**TO DO:**
Transcribe exactly, leaving out pictures, the lines from the one that holds "Silicone Baby Food" through the end of the data below, including both end lines and no others.

[Web page caption snippets]

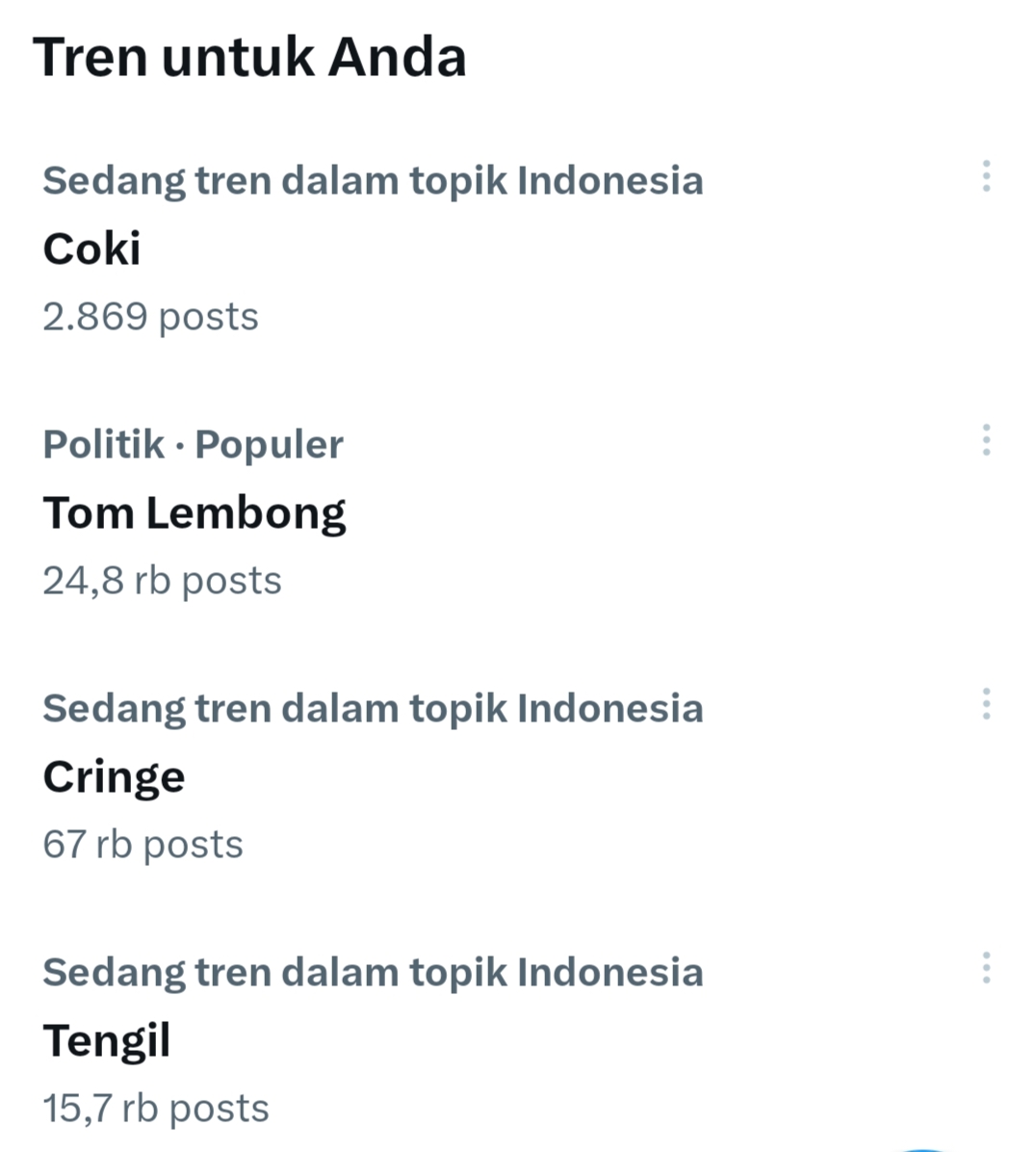 Kata Cringe trending topic di X.&nbsp;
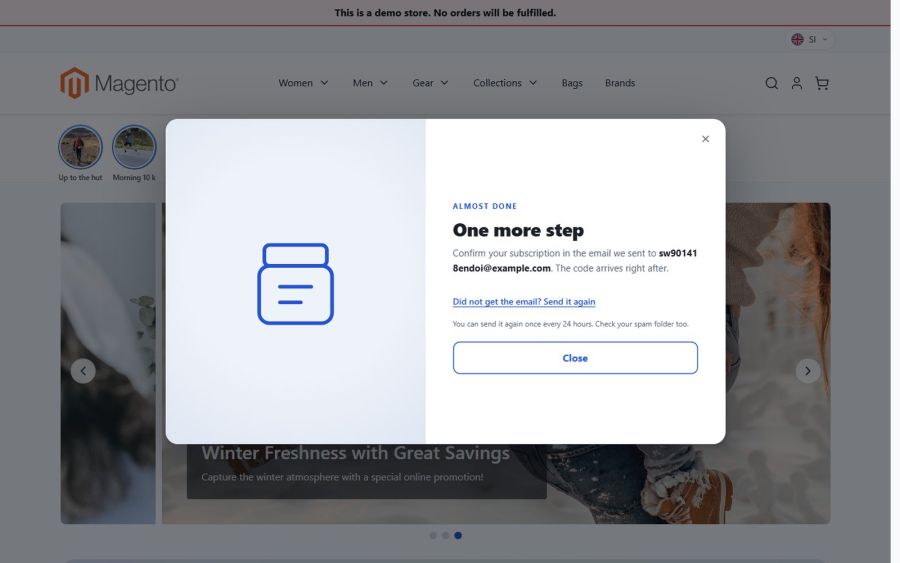 With double opt-in the code arrives only after the confirmation link is clicked; the shopper can ask for the e-mail again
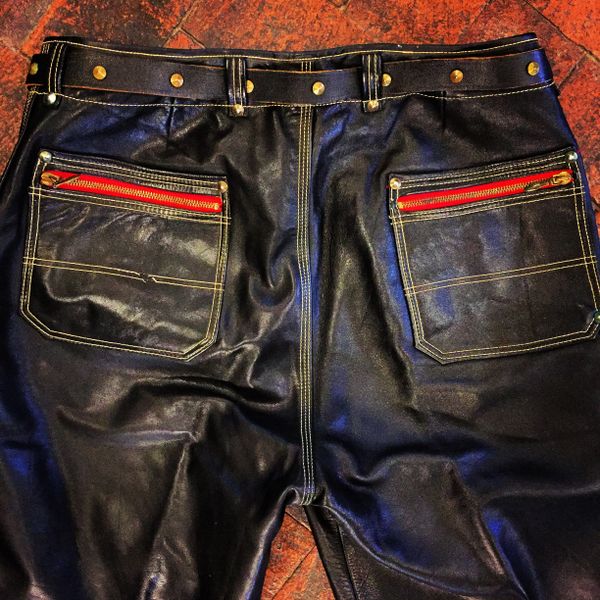 SOLD 1950s GERMAN BLACK LEATHER RIVETED TRIPLE STITCHED COTTON LINED BIKER  PANTS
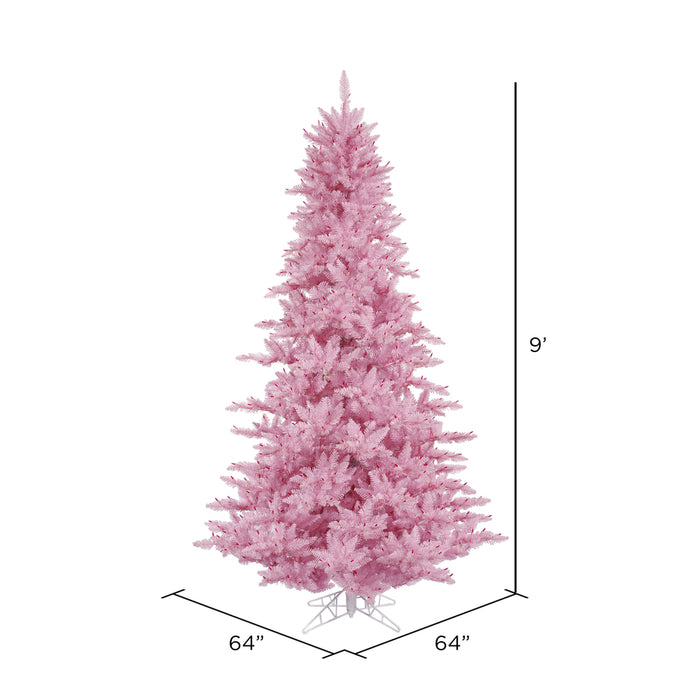 9'Hx64"W Fir Artificial Christmas Tree, Unlit -Pink - K163780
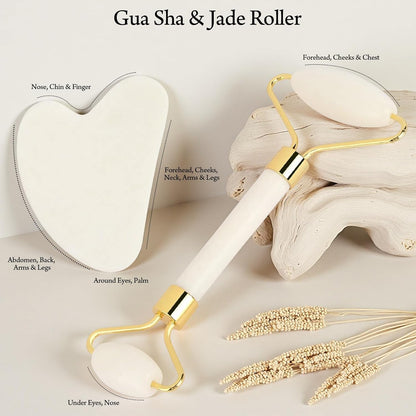 Jade Roller & Gua Sha Set – 5-in-1 Facial Tools Kit for Puffiness (White)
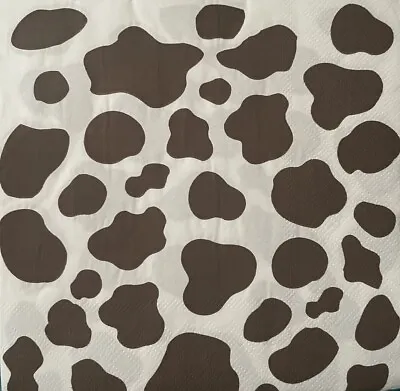 2 X Cow Print Dark Brown Single Paper Napkins For  Art Craft Decoupage 302 • £1.99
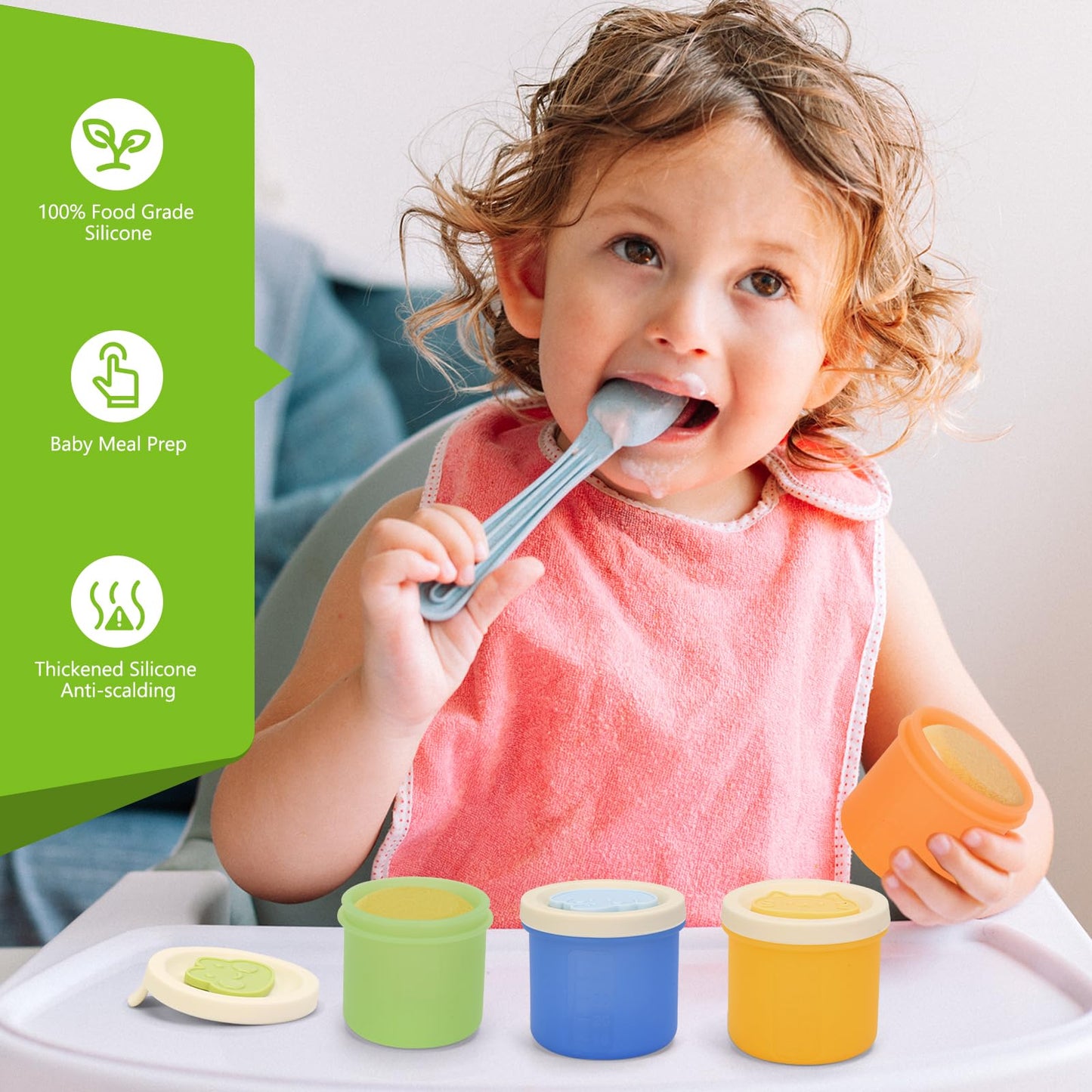 Silicone Baby Food Containers With Airtight Lids,8 Pack Baby Puree Containers Food Freezer Containers,2 Oz Baby Food Snack Jar W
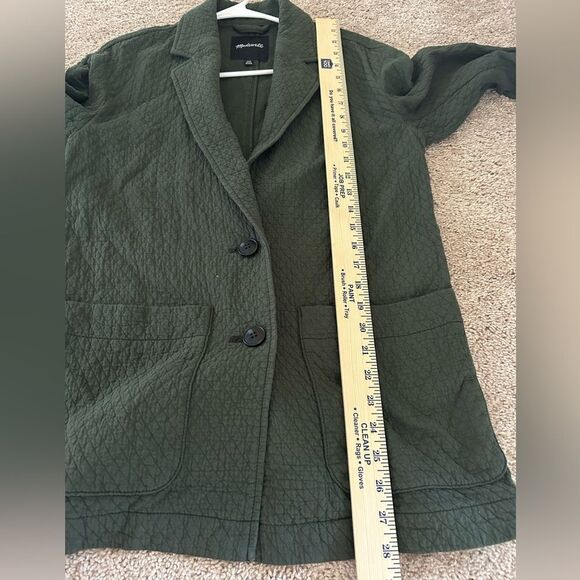 Madewell Green Diamond Jacquard Shaw Blazer Jacket Size XXS Preppy Chic Winter - Picture 6 of 11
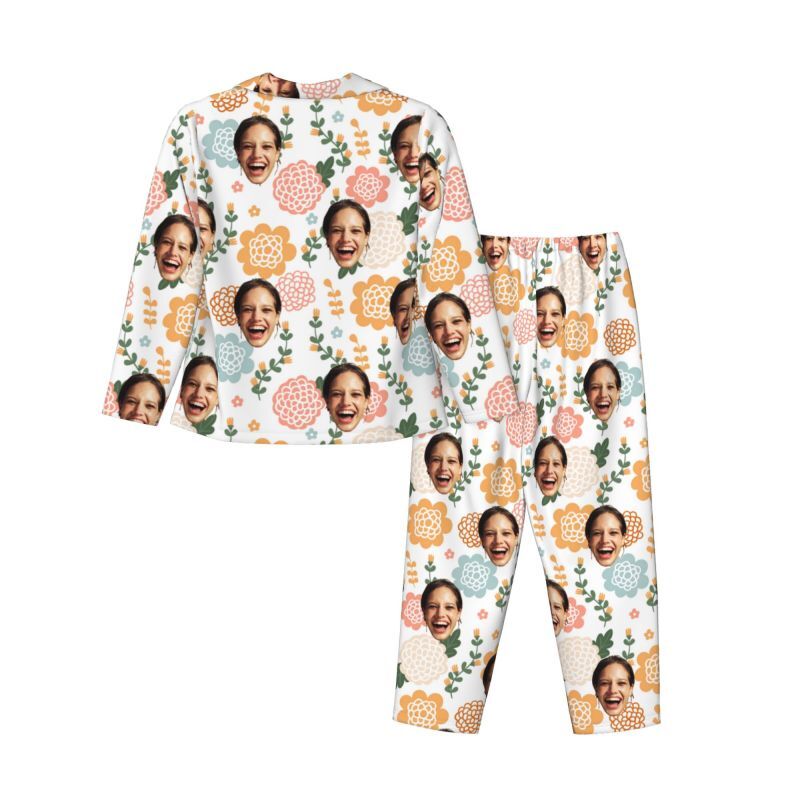 Gepersonaliseerde pyjama met foto op maat Kleurrijk bloemenpatroon Elegant ontwerp Cadeau voor haar familie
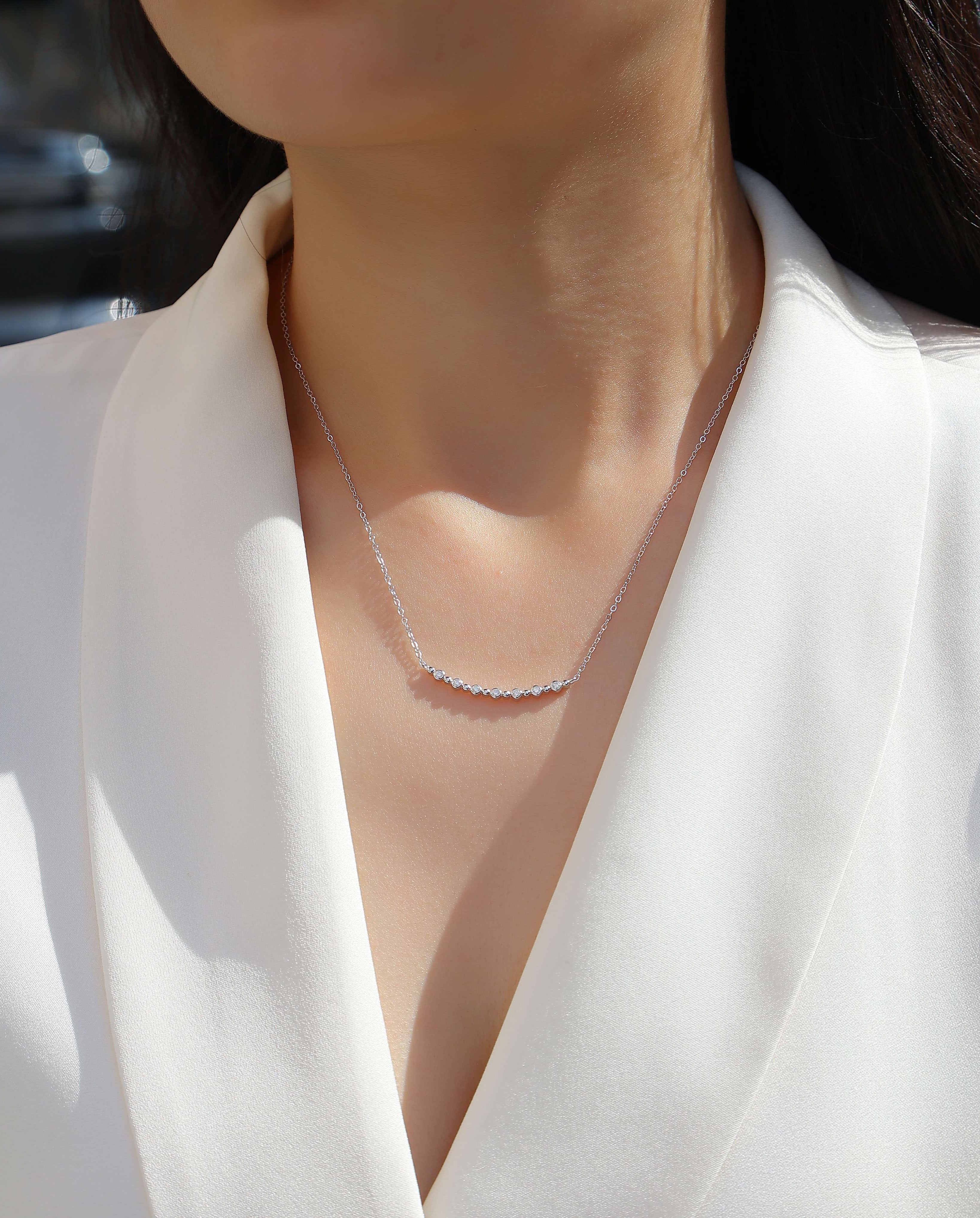 White Moon Stars - A Fashionable And Light Luxury Jewelry Pendant Necklace Set With Top-quality Moissanite, S925 Silver Plated Platinum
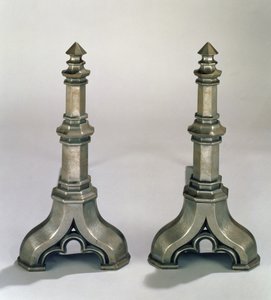 Paire de chenets de style gothique, vers 1836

**EXPECTED OUTPUT:**
 Silicone Baby Food Containers With Airtight Lids,8 Pack Baby Puree Containers Food Freezer Containers,2 Oz Baby Food Snack Jar W
 Madewell Green Diamond Jacquard Shaw Blazer Jacket Size XXS Preppy Chic Winter - Picture 6 of 11
 Gepersonaliseerde pyjama met foto op maat Kleurrijk bloemenpatroon Elegant ontwerp Cadeau voor haar familie
 White Moon Stars - A Fashionable And Light Luxury Jewelry Pendant Necklace Set With Top-quality Moissanite, S925 Silver Plated Platinum
 Paire de chenets de style gothique, vers 1836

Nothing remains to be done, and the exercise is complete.